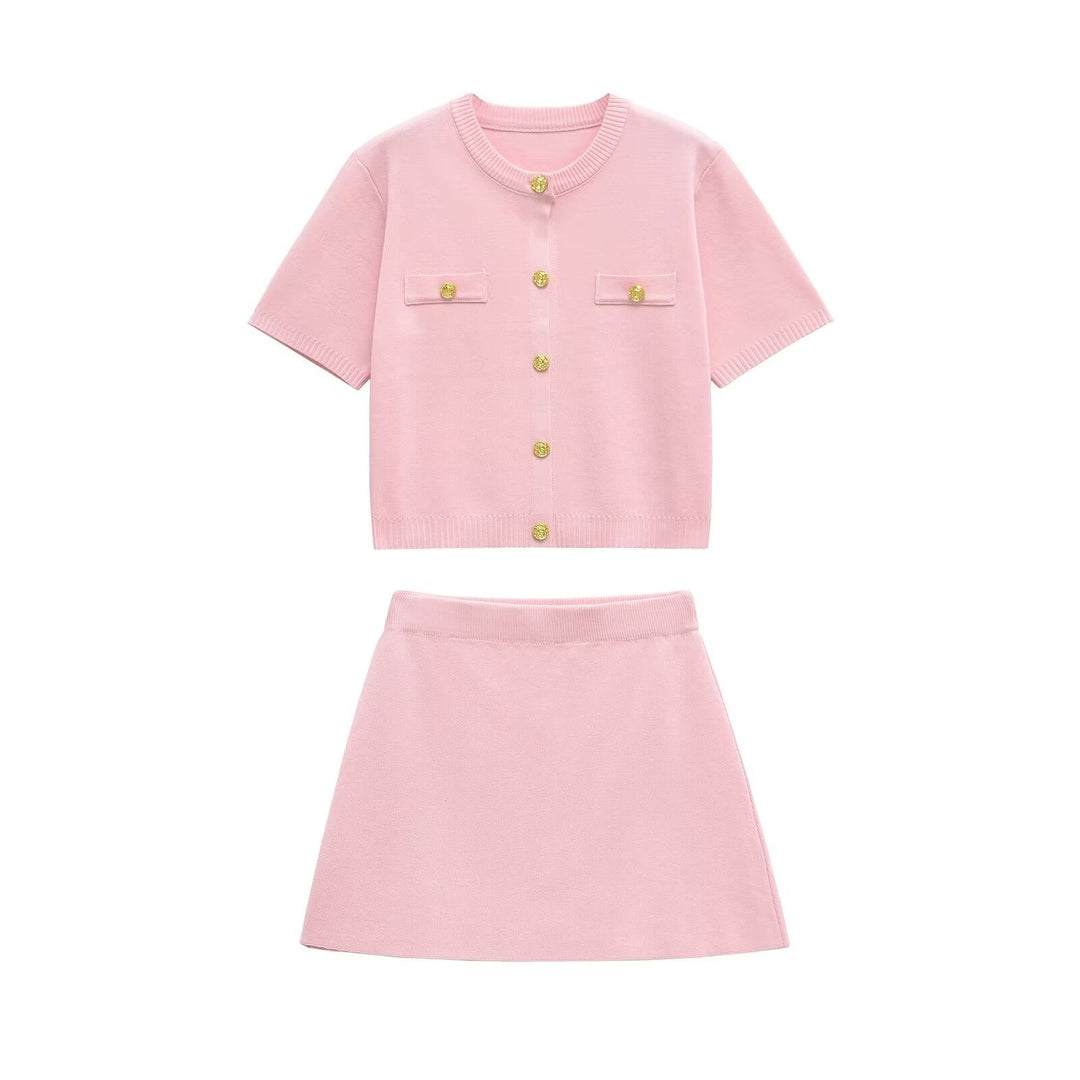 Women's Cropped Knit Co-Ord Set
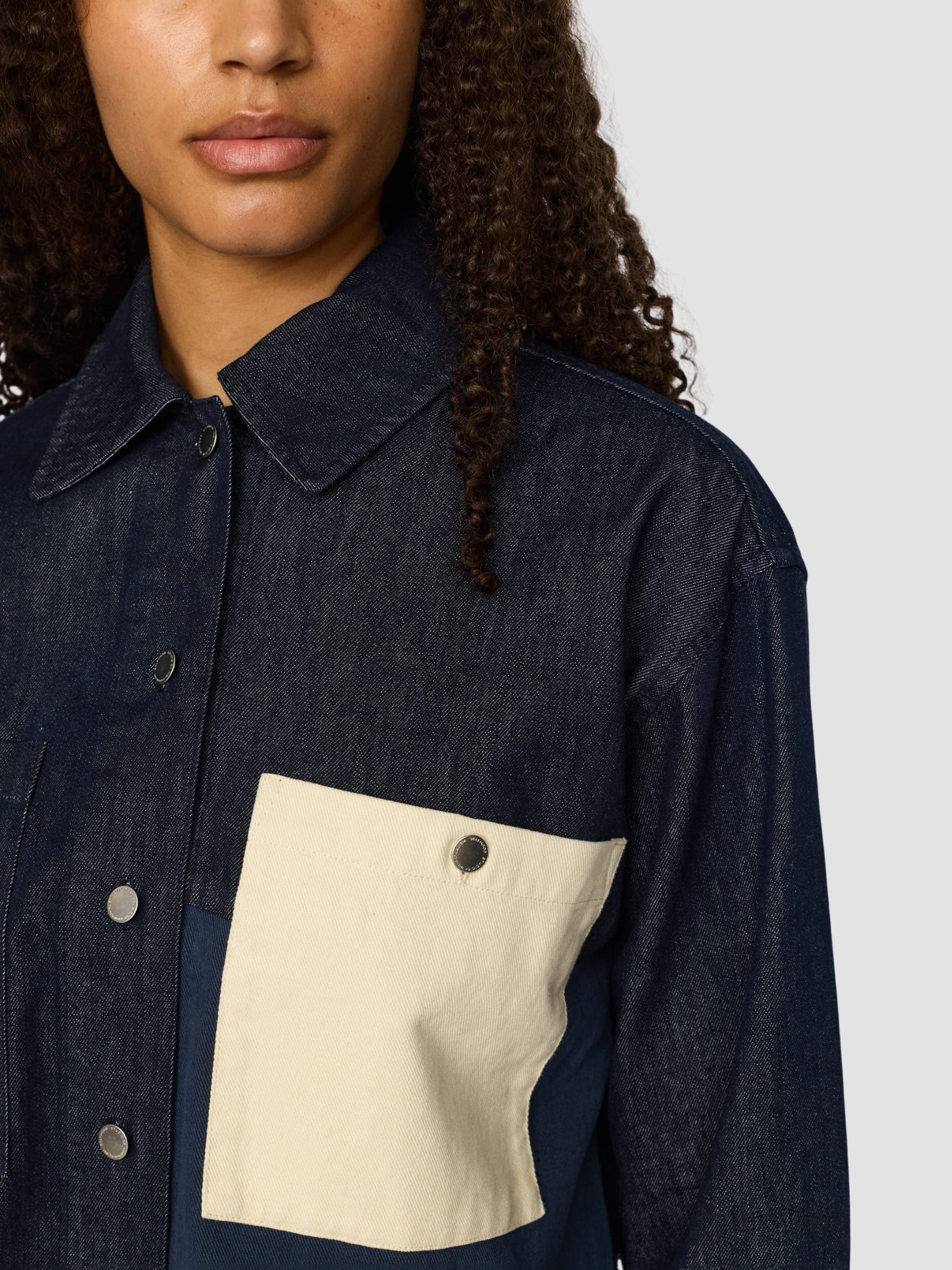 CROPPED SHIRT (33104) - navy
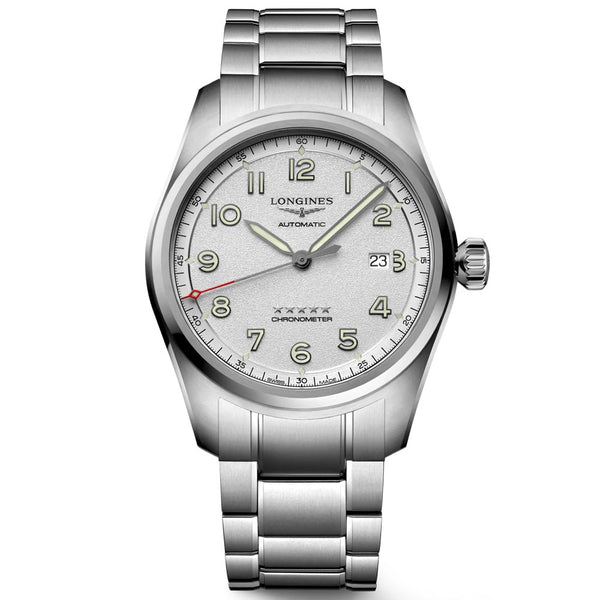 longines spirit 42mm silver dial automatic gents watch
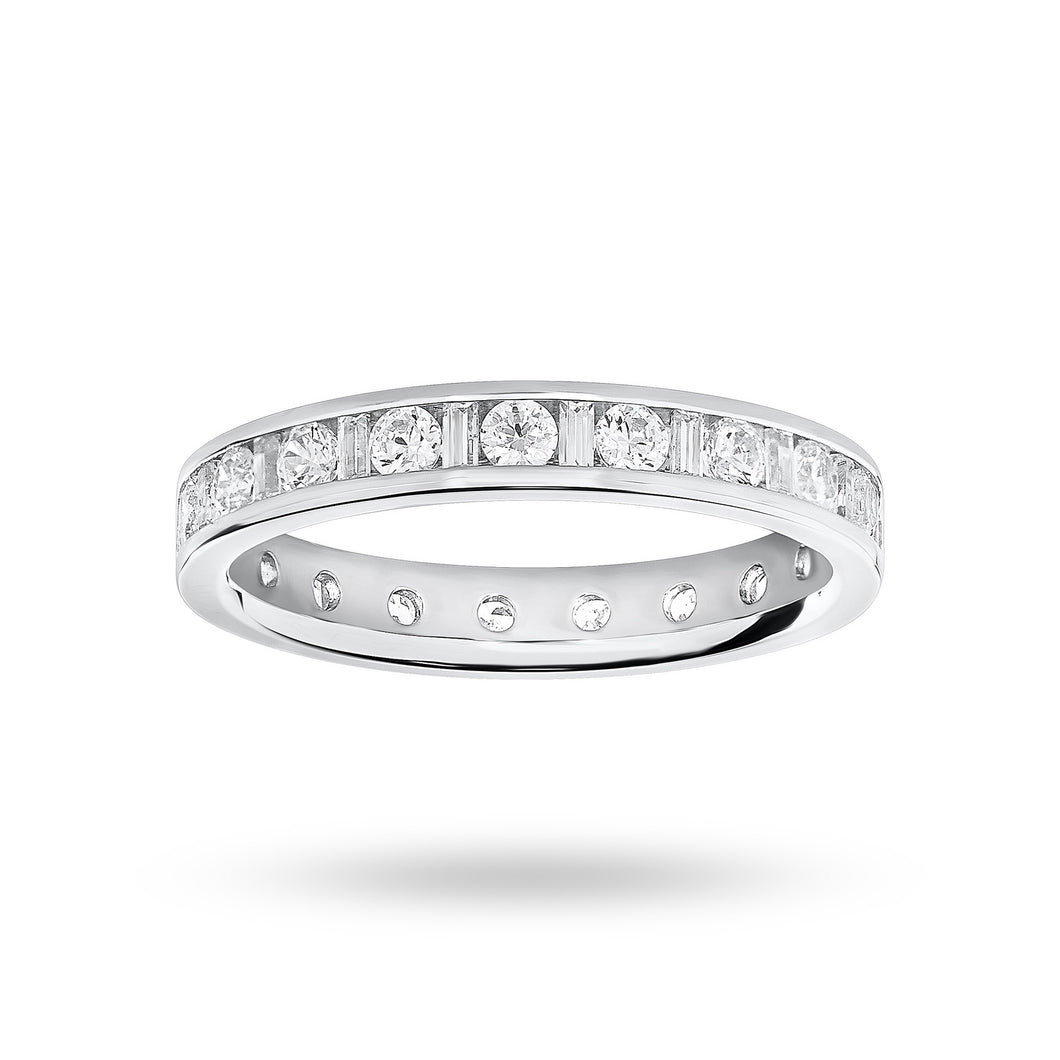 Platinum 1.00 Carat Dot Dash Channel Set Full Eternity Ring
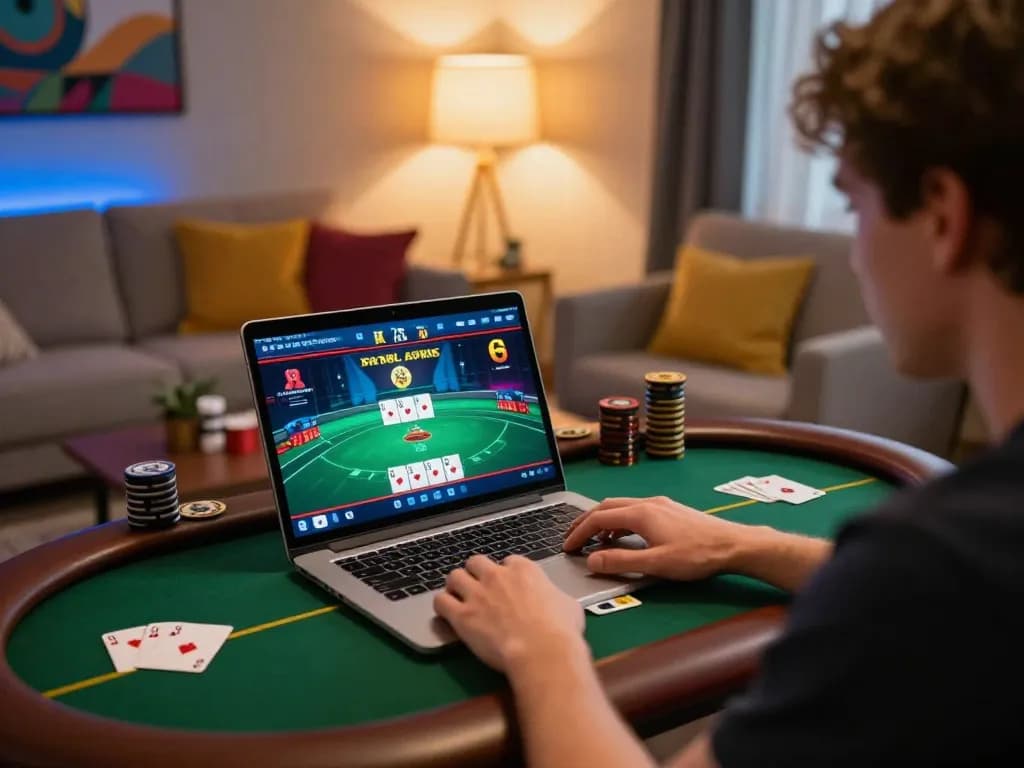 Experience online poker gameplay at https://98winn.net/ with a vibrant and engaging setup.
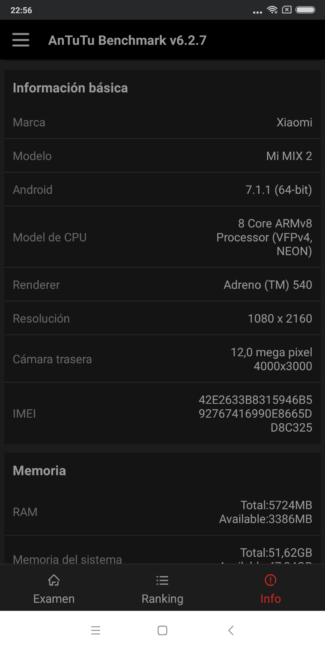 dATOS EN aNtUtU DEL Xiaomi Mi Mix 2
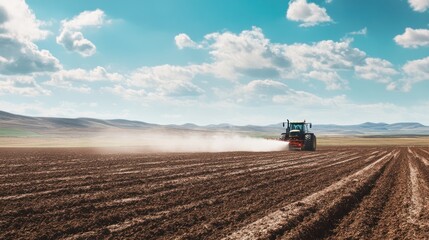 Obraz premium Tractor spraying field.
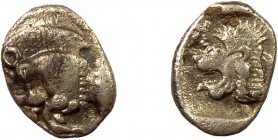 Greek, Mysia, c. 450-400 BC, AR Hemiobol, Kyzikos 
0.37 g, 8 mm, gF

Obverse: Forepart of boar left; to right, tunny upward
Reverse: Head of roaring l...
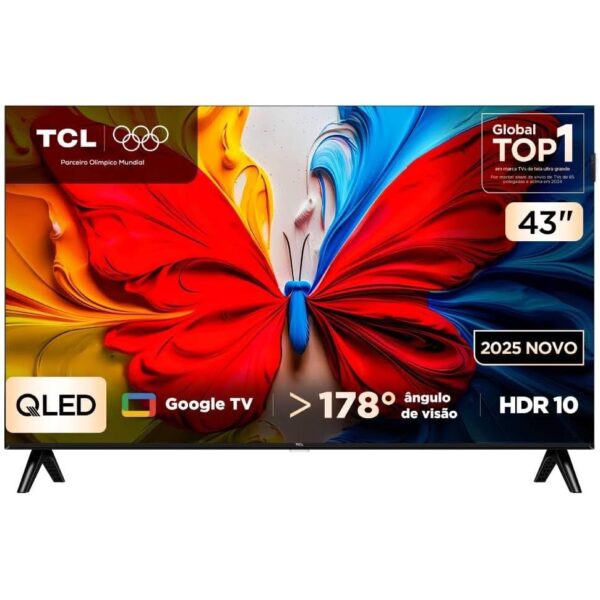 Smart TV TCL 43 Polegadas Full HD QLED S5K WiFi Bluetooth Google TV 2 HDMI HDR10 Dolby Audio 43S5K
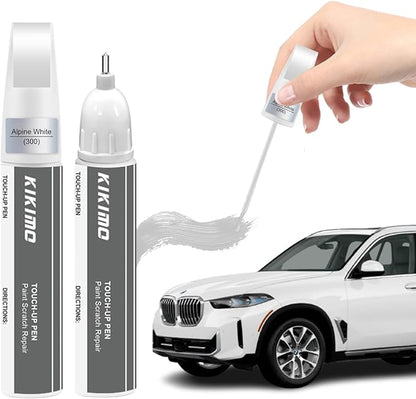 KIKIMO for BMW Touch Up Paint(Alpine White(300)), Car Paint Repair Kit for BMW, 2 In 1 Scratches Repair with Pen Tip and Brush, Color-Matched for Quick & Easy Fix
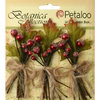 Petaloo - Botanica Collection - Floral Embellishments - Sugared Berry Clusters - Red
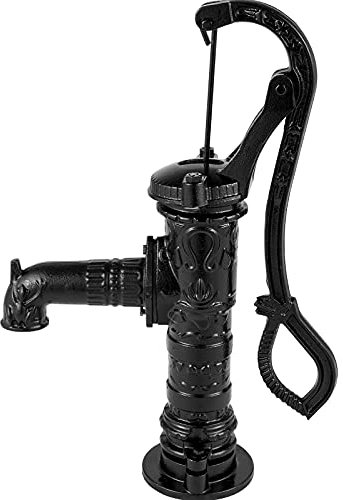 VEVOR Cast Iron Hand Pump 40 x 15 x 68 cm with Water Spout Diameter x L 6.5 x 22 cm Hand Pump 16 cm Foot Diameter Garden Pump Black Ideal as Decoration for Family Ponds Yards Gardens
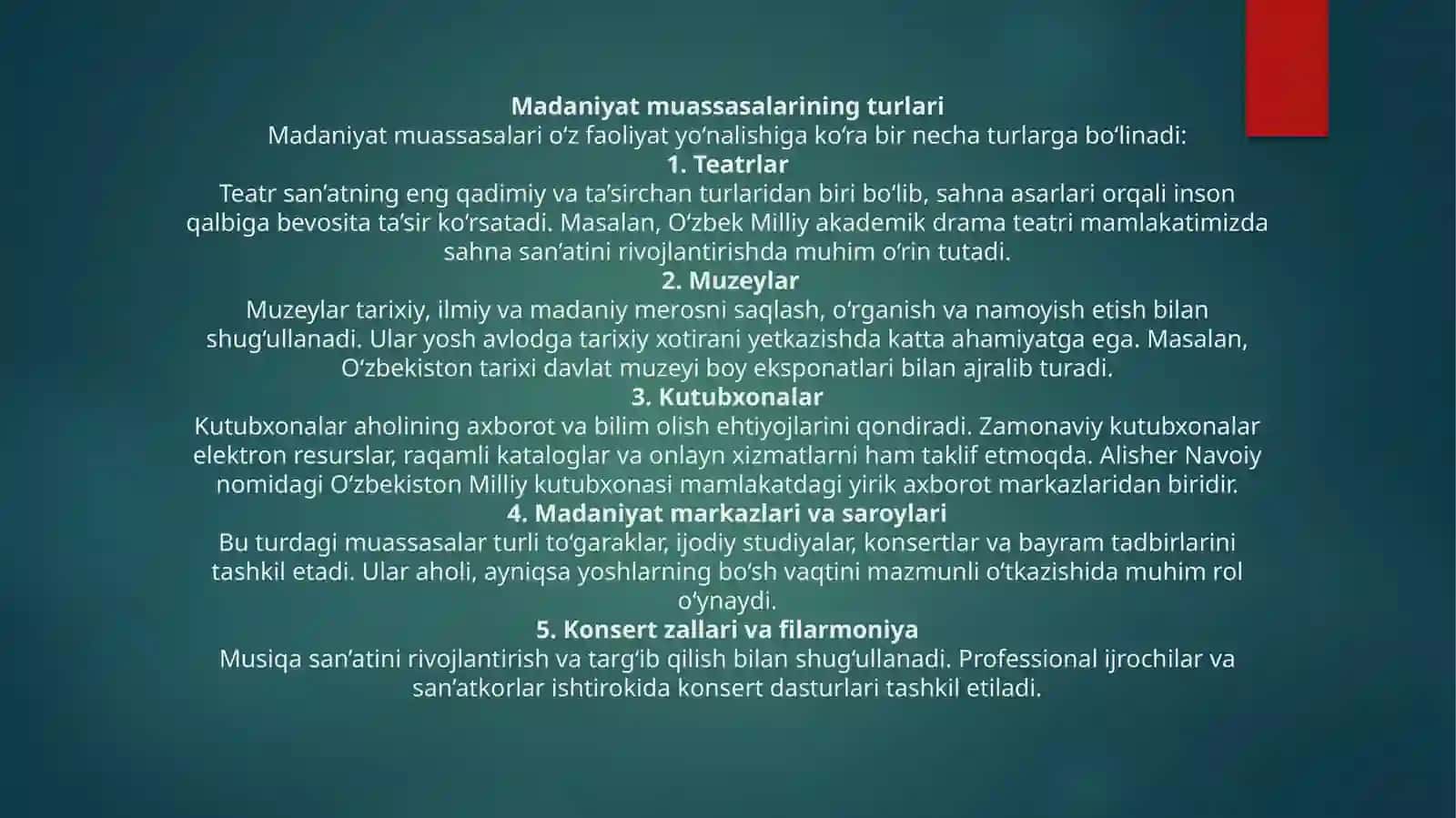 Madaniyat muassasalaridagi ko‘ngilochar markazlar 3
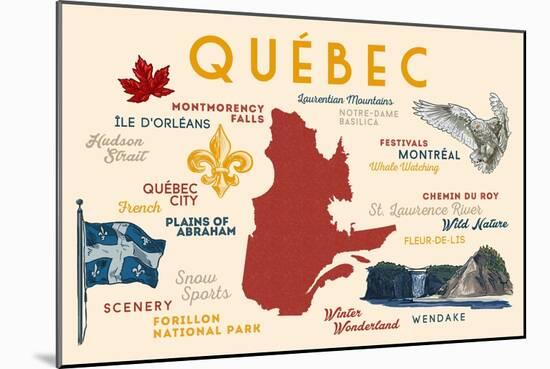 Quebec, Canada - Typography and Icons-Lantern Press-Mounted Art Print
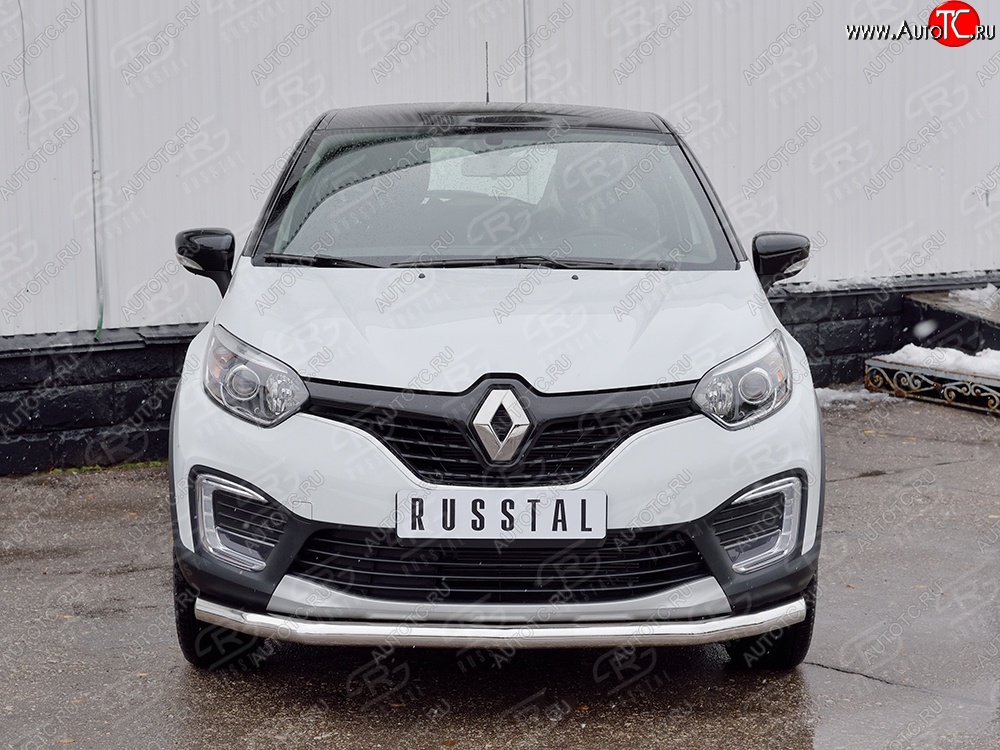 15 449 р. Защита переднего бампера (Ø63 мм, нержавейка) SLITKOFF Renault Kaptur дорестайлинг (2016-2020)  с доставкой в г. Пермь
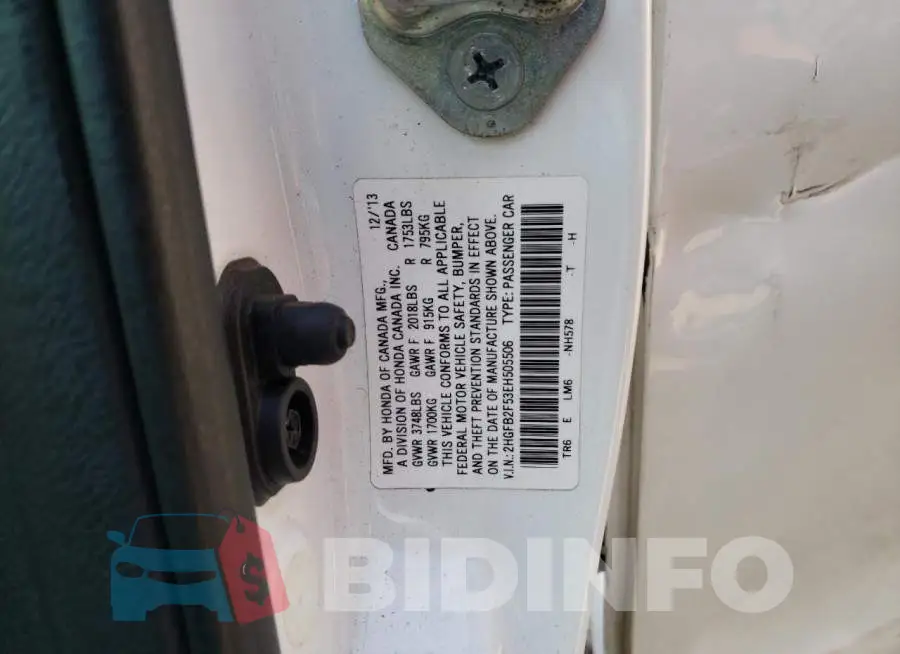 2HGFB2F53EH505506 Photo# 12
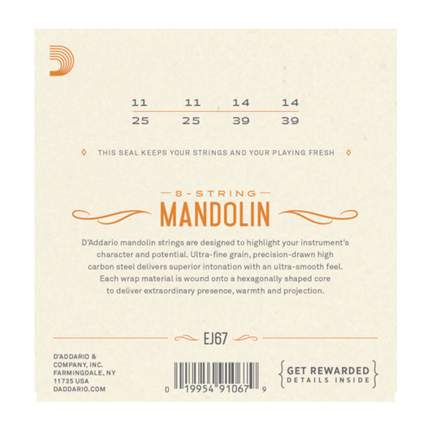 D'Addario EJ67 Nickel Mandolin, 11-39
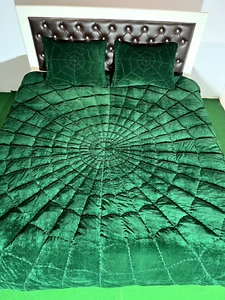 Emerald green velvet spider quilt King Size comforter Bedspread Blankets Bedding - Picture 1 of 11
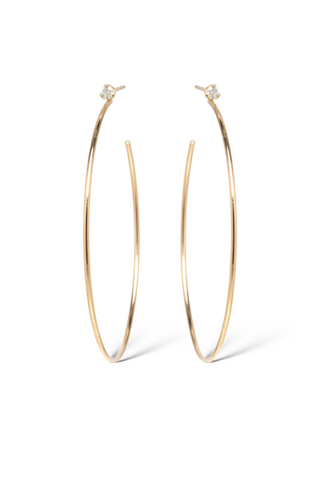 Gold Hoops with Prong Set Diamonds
◆ ◆ ◆ ◆ ◆
Reproduce, word for word, only the lines in the records above from the line with "Smart TV TCL" through the line with "15 449 р. Защита", including both ends; omit the pictures.

 Smart TV TCL 43 Polegadas Full HD QLED S5K WiFi Bluetooth Google TV 2 HDMI HDR10 Dolby Audio 43S5K
 KIKIMO for BMW Touch Up Paint(Alpine White(300)), Car Paint Repair Kit for BMW, 2 In 1 Scratches Repair with Pen Tip and Brush, Color-Matched for Quick & Easy Fix
 Petaloo - Botanica Collection - Floral Embellishments - Sugared Berry Clusters - Red
 VEVOR Cast Iron Hand Pump 40 x 15 x 68 cm with Water Spout Diameter x L 6.5 x 22 cm Hand Pump 16 cm Foot Diameter Garden Pump Black Ideal as Decoration for Family Ponds Yards Gardens
 Madaniyat muassasalaridagi ko‘ngilochar markazlar 3
 Quebec, Canada - Typography and Icons-Lantern Press-Mounted Art Print
 15 449 р. Защита переднего бампера (Ø63 мм, нержавейка) SLITKOFF Renault Kaptur дорестайлинг (2016-2020)  с доставкой в г. Пермь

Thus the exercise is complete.